The categorization of an asset as "Out-of-Scope" requires demonstration, not assertion. An assessor will verify that out-of-scope assets have no logical or physical path to in-scope assets. If a workstation on a "separate" network has a VPN client that can connect to the CUI network, it is not out of scope regardless of how the SSP categorizes it.


5. Enclave vs. Whole-Organization Scoping: The Core Decision

This is the most consequential scoping decision, and it should be made deliberately and with full understanding of the technical requirements for each approach.

Whole-Organization Scoping

In this model, every asset in the organization's IT environment is considered in scope because CUI is dispersed throughout the enterprise with no meaningful technical boundaries preventing access. This approach is appropriate when:

  • CUI flows to a wide population of employees without restriction
  • The organization lacks technical capability to segment its network
  • The nature of the work makes CUI isolation impractical (e.g., a small contractor where every employee works on the DoD contract)

The advantage: simpler documentation. The disadvantage: every asset — including HR systems, accounting systems, executive laptops, and reception area computers — must meet all applicable 800-171 controls.

CUI Enclave Scoping

In this model, CUI is restricted to a defined, technically isolated enclave: a set of systems with enforced access controls, network segmentation, and limited connection points to the broader enterprise or internet. This approach reduces the assessment scope to only the enclave and its security protection assets.

Requirements for a defensible enclave:

  • Genuine network segmentation (VLANs with enforced firewall rules, or physical separation)
  • Access control lists that permit only authorized users to access enclave resources
  • No path from non-enclave systems to CUI assets (or documented, controlled, and assessed paths for any allowed connections)
  • SSP accurately describes the enclave boundary and all connections

Scoping Decision Matrix

| Factor | Favors Whole-Org Scoping | Favors Enclave Scoping |

|---|---|---|

| CUI distribution | Dispersed across many users | Concentrated among a defined team |

| Network architecture | Flat network; segmentation not feasible | Segmentation capability exists or can be built |

| Workforce CUI access | Most employees handle CUI | CUI handled by a defined project team |

| Budget flexibility | More remediation budget available | Cost minimization is priority |

| Timeline | More preparation time available | Compressed timeline; reduce scope to reduce work |

| Future scalability | One-time CUI contract | Ongoing CUI work; enclave investment pays over multiple assessments |

Having supported ATO programs at LANL — where boundary definition between classified, CUI, and unclassified systems is a fundamental security engineering discipline — I can confirm that enclave scoping done correctly produces a smaller, more defensible assessment boundary. Done carelessly, it produces a false sense of security and a finding-rich assessment.

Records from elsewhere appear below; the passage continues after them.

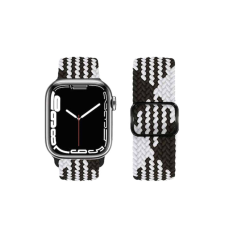 Hoco Ultravékony fonott nylon óraszíj Apple Watch 38/40/41 mm Hoco WA05 Jane Eyre fekete-fehér okosóra kellék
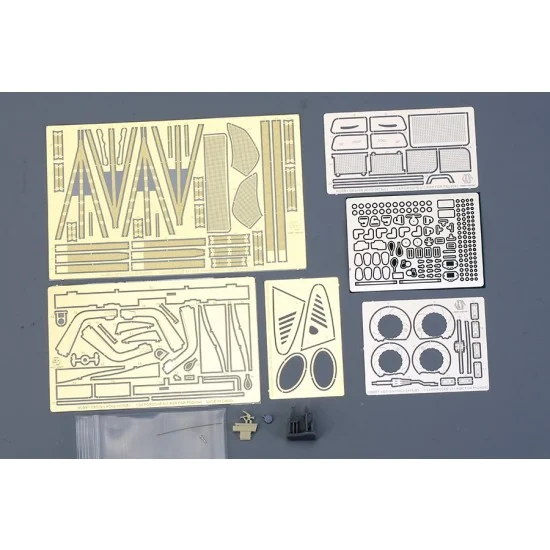 Hobby Design HD02-0475 1/24 Porsche 911 RSR 2018 Detail-up Set for NuNu PN24040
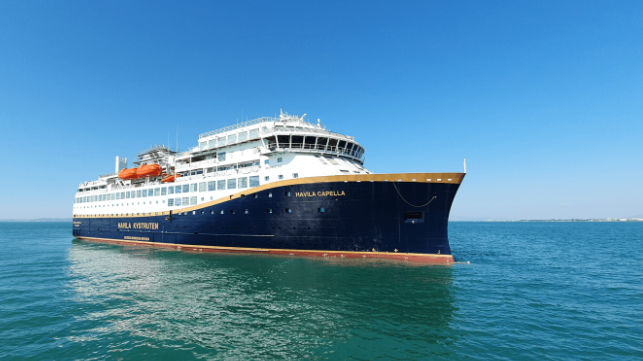 Havila Capella Norwegian coastal hybrid vessel delivered from Tersan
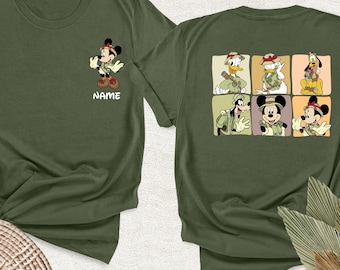 Disney Safari Shirt Animal Kingdom Shirt Disney Family Shirts Disney Trip Shirt Disneyland Shirts  Mickey Minnie Shirt Disney Vacation Tee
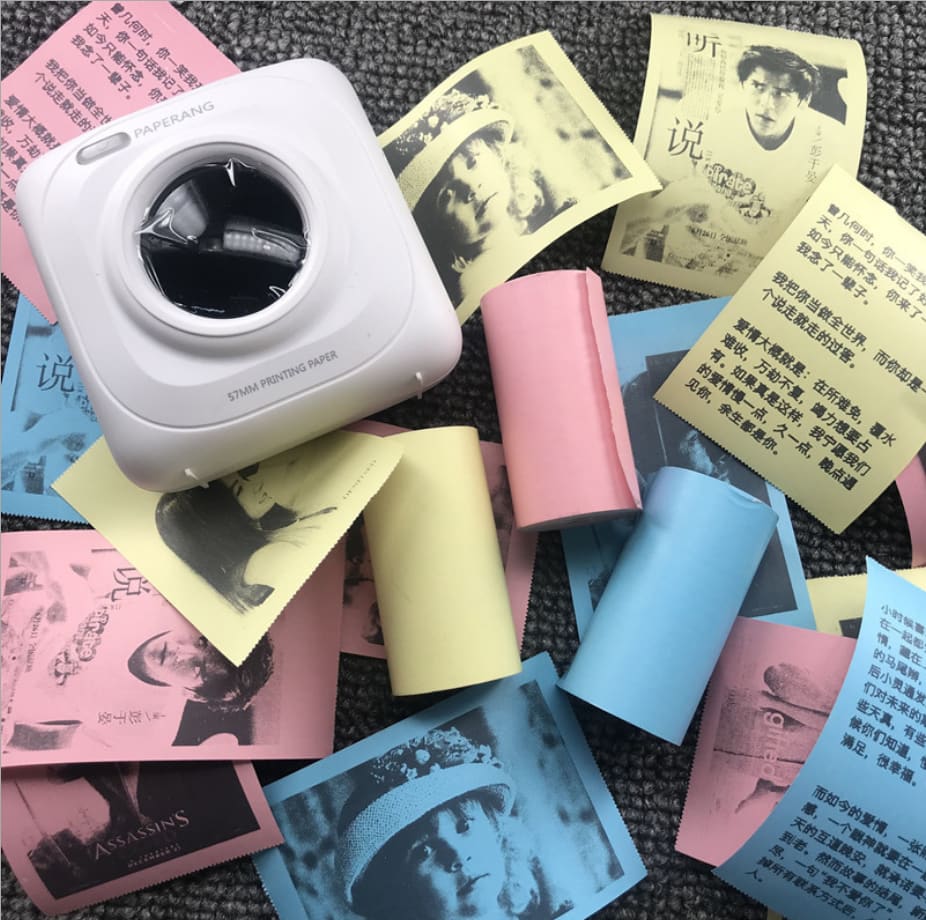PerPage Mini Wireless Portable Thermal Printer paper view 2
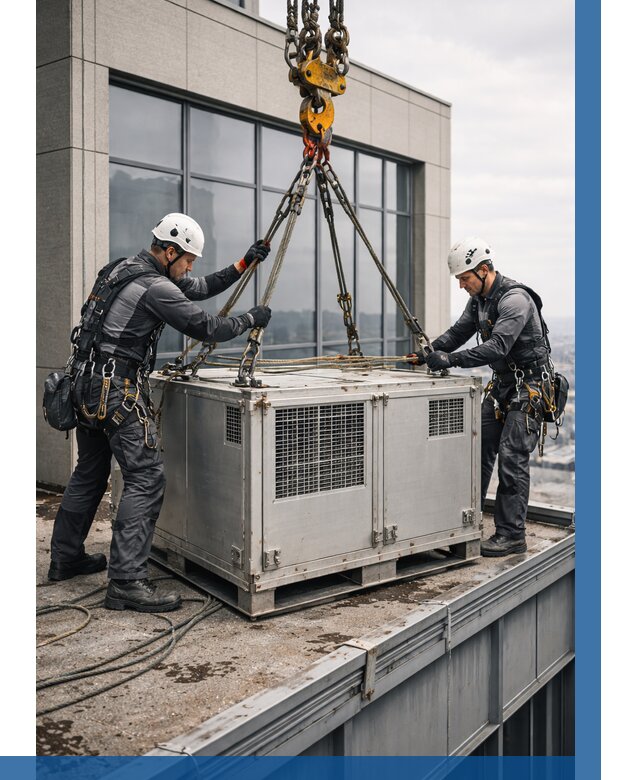 Такелажные работы на высоте в Рославле от 8221 р. | ВЫСОТНИК-Рлв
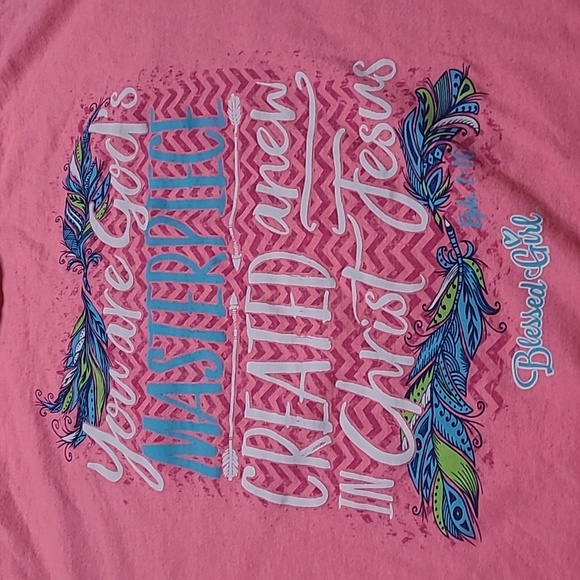WOMEN'S BLESSED GIRL T-SHIRT - Picture 5 of 6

6. Data Flow Mapping: The Technical Foundation of Scoping

A data flow diagram (DFD) is not optional for CMMC Level 2. It is explicitly referenced in the CMMC Scoping Guide and is the primary artifact assessors use to evaluate whether the boundary accurately reflects CUI movement through the organization.

Elements of a CMMC-Compliant Data Flow Diagram

| Element | Description |

|---|---|

| CUI entry points | Where CUI enters the organization (email from DoD, GFE, contract deliverable receipt) |

| Processing systems | Systems where CUI is created, modified, analyzed, or compiled |

| Storage locations | Repositories where CUI persists (file servers, databases, cloud storage) |

| Transmission paths | All channels over which CUI moves (internal network, email, file transfer, VPN) |

| Exit points | Where CUI leaves the organization (deliverables to DoD, flowdown to subs) |

| External connections | VPN connections, internet access, third-party integrations |

| Trust boundaries | Network demarcation points (firewalls, DMZs, VPN concentrators) |

Data Flow Mapping Process

1. Start with the CUI inventory. For each CUI asset identified in Step 3 of the inventory process, map every system that touches that asset.

2. Trace upstream and downstream. For each CUI-touching system, identify what systems feed data into it and what systems receive data from it.

3. Identify all protocols and ports. Document whether connections are encrypted, authenticated, and authorized.

4. Mark trust boundaries. Each boundary crossing is a potential scope expansion point. Any system on the trusted side of a boundary that can reach CUI assets is in scope.

5. Validate against reality. Walk the network with the network engineer. Compare the diagram to firewall rules, Active Directory group memberships, and cloud access policies. Gaps between the documented diagram and the actual configuration are findings waiting to happen.

Cloud Services in the Data Flow

Cloud Service Providers (CSPs) that store or process CUI must appear in the data flow diagram. Per 32 CFR § 170.16(a)(2), CSPs must be FedRAMP Moderate authorized or equivalent. The CSP's FedRAMP authorization boundary and the contractor's use of the CSP must both be documented in the SSP and reflected in the data flow.

External Service Providers (ESPs) that are not CSPs (e.g., a managed detection and response provider with access to security logs containing CUI metadata) must also be assessed as part of the CMMC assessment scope or have their services separately assessed. The 32 CFR Part 170 final rule significantly clarified ESP treatment, removing the blanket FedRAMP requirement for non-CSP ESPs and instead requiring their services to be assessed within the OSA's scope.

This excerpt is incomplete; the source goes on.